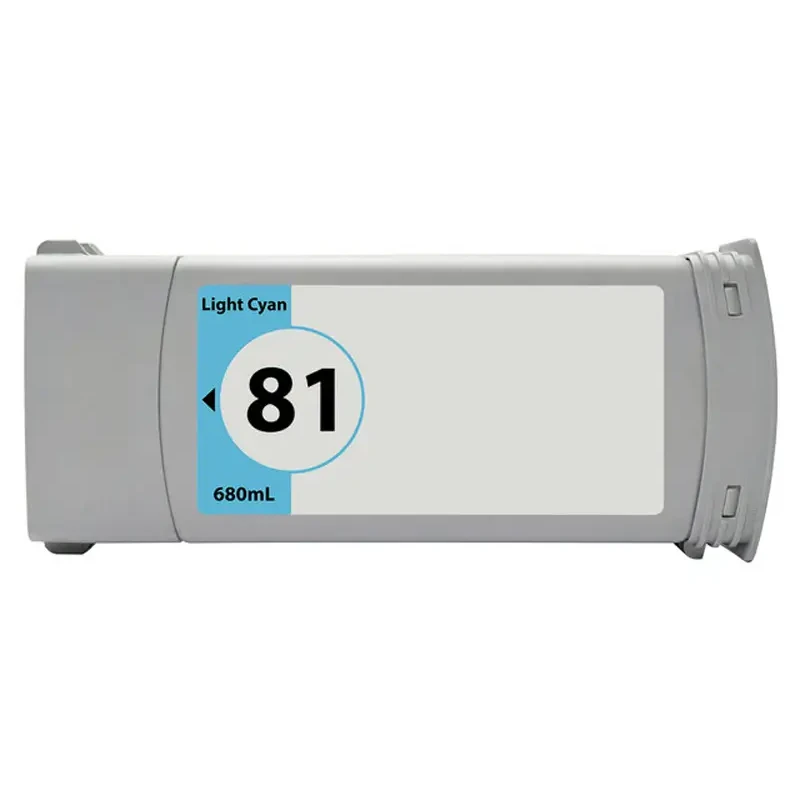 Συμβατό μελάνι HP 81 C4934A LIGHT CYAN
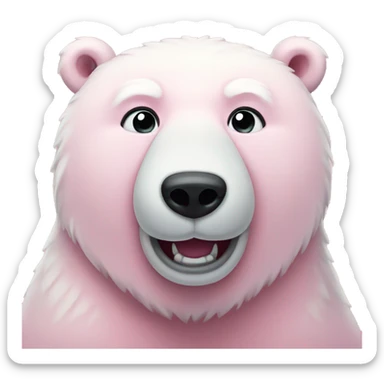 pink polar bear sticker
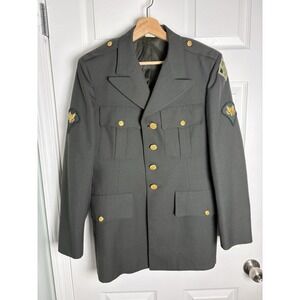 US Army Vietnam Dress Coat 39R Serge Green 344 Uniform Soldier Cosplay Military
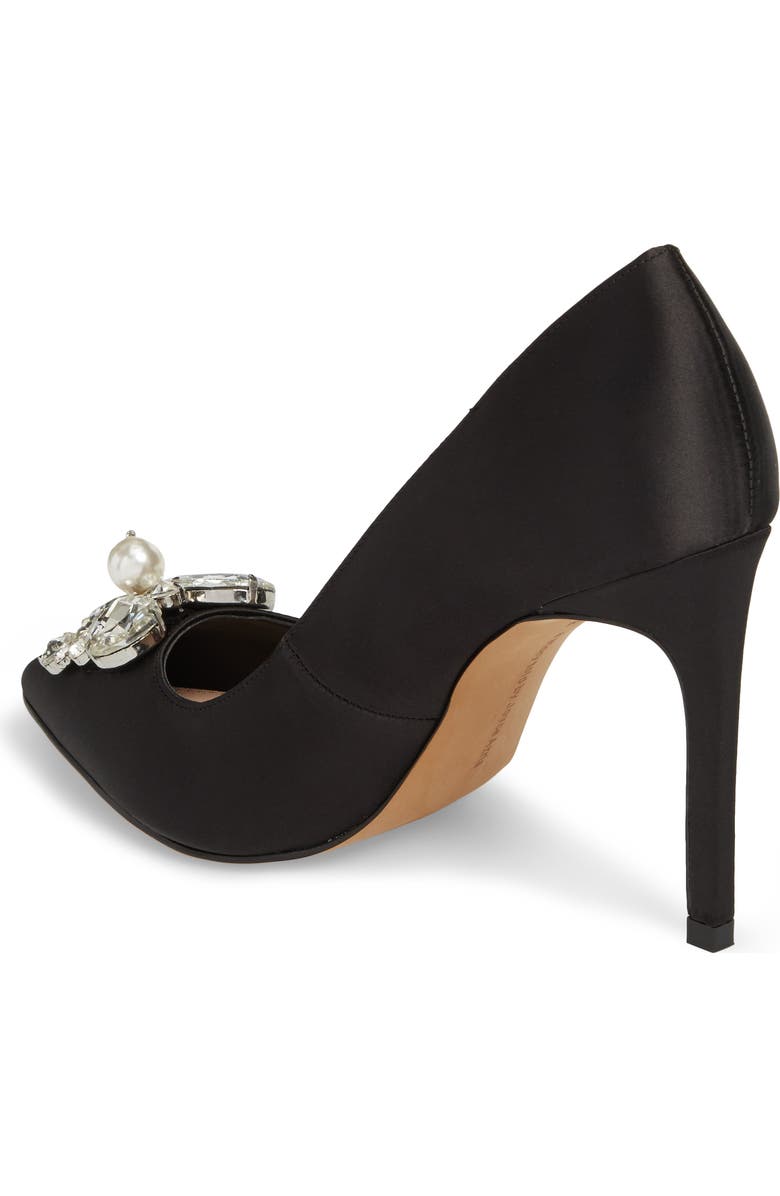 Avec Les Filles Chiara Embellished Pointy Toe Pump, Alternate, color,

PROBLEM STATEMENT: Reproduce word for word only the lines between the line containing "US Army Vietnam" and the end of the listing above, both included, and drop any pictures.

RESPONSE TO THE EXERCISE:
 US Army Vietnam Dress Coat 39R Serge Green 344 Uniform Soldier Cosplay Military
 Avec Les Filles Chiara Embellished Pointy Toe Pump, Alternate, color,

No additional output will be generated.